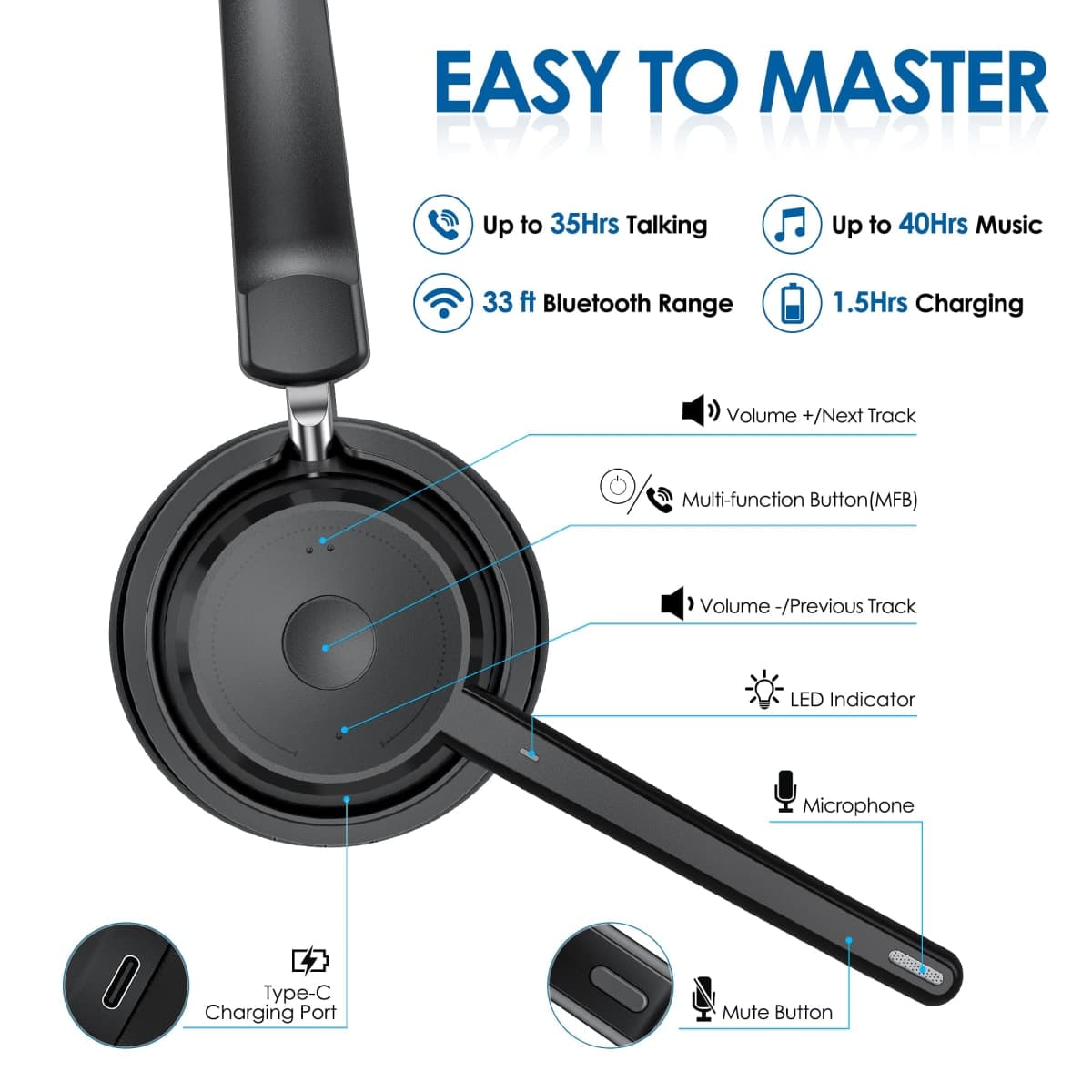 Mopchnic Bluetooth Earbuds AI Noise Cancelling Wireless Earbuds with Mic, Wireless Headphones in Ear with USB Dongle for Computer Office thumbnail 5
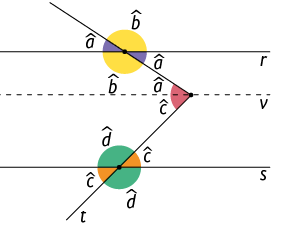 Ilustração de duas retas paralelas, r e s, cortadas cada uma por uma transversal, as quais se encontram na projeção de outra reta v paralela entre as retas r e s, formando o ângulo a' acima de v e ângulo c abaixo de v. A reta transversal que cruza a reta r forma o ângulo a, à esquerda e acima do cruzamento, ângulo a, à direita e abaixo do cruzamento, ângulo b à direita e acima e ângulo b à esquerda e abaixo do cruzamento. A reta transversal que cruza a reta s forma o ângulo d, à esquerda e acima do cruzamento, ângulo d  à direita e abaixo do cruzamento, ângulo c à direita e acima e ângulo c à esquerda e abaixo do cruzamento.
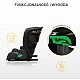 Стол За Кола Nimbus I-Размер 4-12 Години Green Caretero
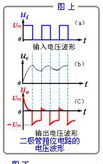 二極體鉗位電路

AIM OF THE EXERCISE: From the line that contains "Стол За Кола" to the last line of the data above, inclusive, transcribe every line exactly and only those lines, omitting pictures.

RESULT:
 Стол За Кола Nimbus I-Размер 4-12 Години Green Caretero
 二極體鉗位電路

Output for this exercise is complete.